= Joan Browning =

American civil rights activist

Joan Constance Browning is a Freedom Rider and civil rights activist known for her participation in non-violent protests in the southern United States in the 1960s.

== Biography ==
Browning was born and raised in rural Georgia, and started college in 1959 at Georgia State College for Women at the age of sixteen. While there she began to be involved in the freedom rider movement, and her involvement in the movement ultimately led to her 1961 dismissal from the college because of her decision to attend a black church. At the age of eighteen, she decided to move to Atlanta, where she worked in the library of Emory University and was attending classes at night.

At the age of 19 she became one of the Freedom Riders who traveled the south in 1961, where she joined the racially mixed group of people traveling south. She was arrested in Albany, Georgia and was the only white women to be put in jail where she spent a total of five days.

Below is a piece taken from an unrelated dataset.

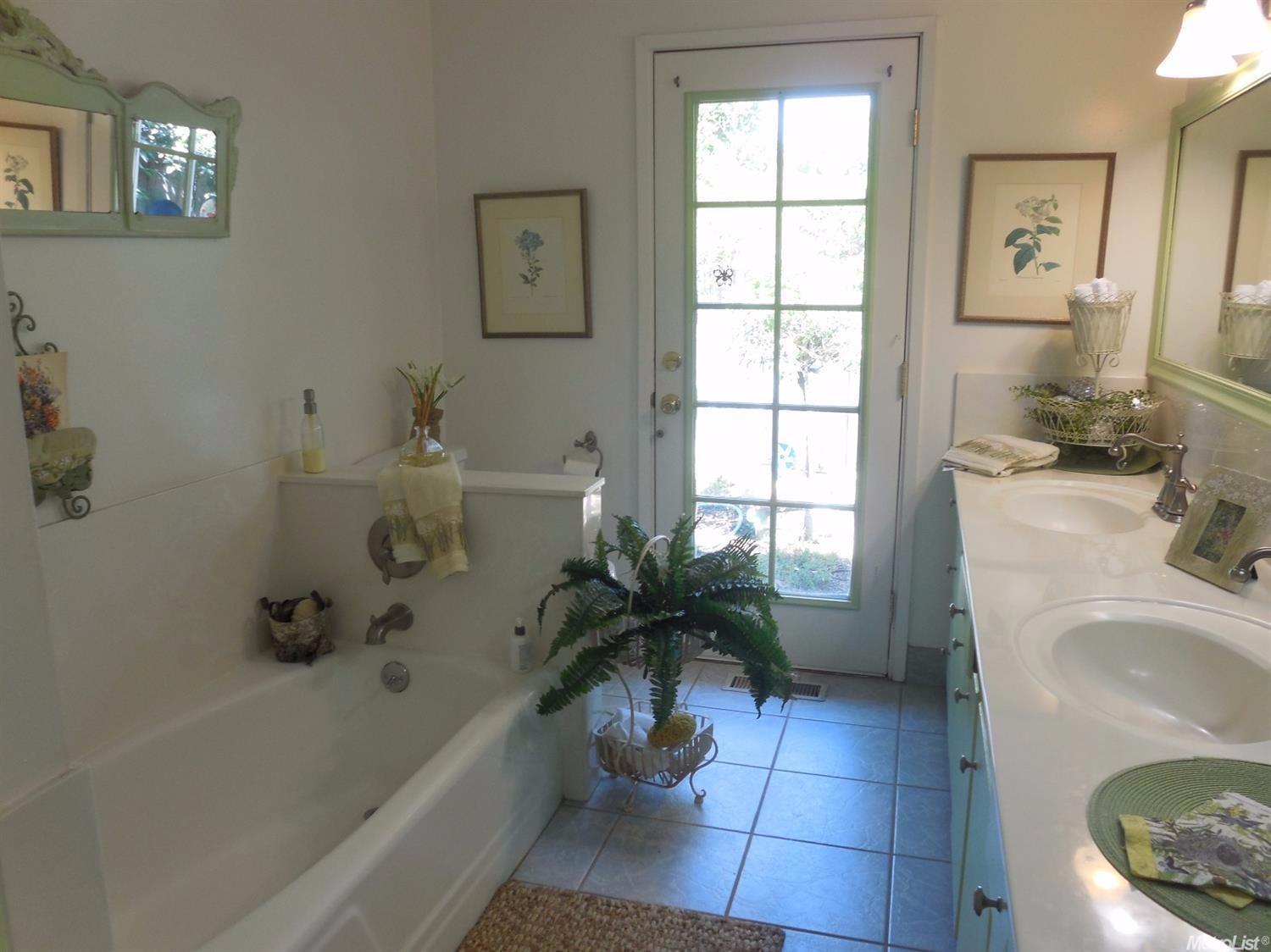 1025 Springfield Way, Modesto, CA 95355 photo 7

After she was released from jail, she spoke to the group about her feelings and noted "It's a funny, mixed-up feeling to hate being in a dirty place — but to be glad that you're there for a good reason".

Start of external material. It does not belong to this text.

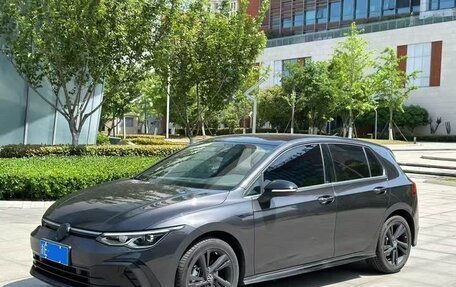 Volkswagen Golf VIII, 2021 год, 1 885 000 рублей, 3 фотография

Browning's role in the civil rights movement was also detailed in the book The Road South, B. J. Hollars' book about the Freedom Riders.

Browning would go on to graduate from West Virginia State College, now known as West Virginia State University in 1994. She shares her experiences in the civil rights movement in public events as a means to engage young people, and she writes on the historical details of the civil rights movement using biographies such as her article on the activist Fannie Lou Hamer.

== Selected publications ==
- Browning, Joan C. (2022). "For Freedom's Sake: The Life of Fannie Lou Hamer"
- Curry, Constance (2000). "Deep in our hearts : nine white women in the Freedom Movement"
- Browning, Joan C. (1996). "Invisible Revolutionaries: White Women in Civil Rights Historiography"

== Awards and honors ==
In 2000, Browning received the West Virginia Martin Luther King Jr. "Living the Dream Award". In 2005, Browning received the Martin Luther King Achievement Award from West Virginia University. On April 27, 2024, Browning received an honorary Doctor of Letters from Marshall University. On June 8, 2025, Marshall University dedicated an honorary bench on their campus with a plaque reading "West Virginia's Freedom Rider.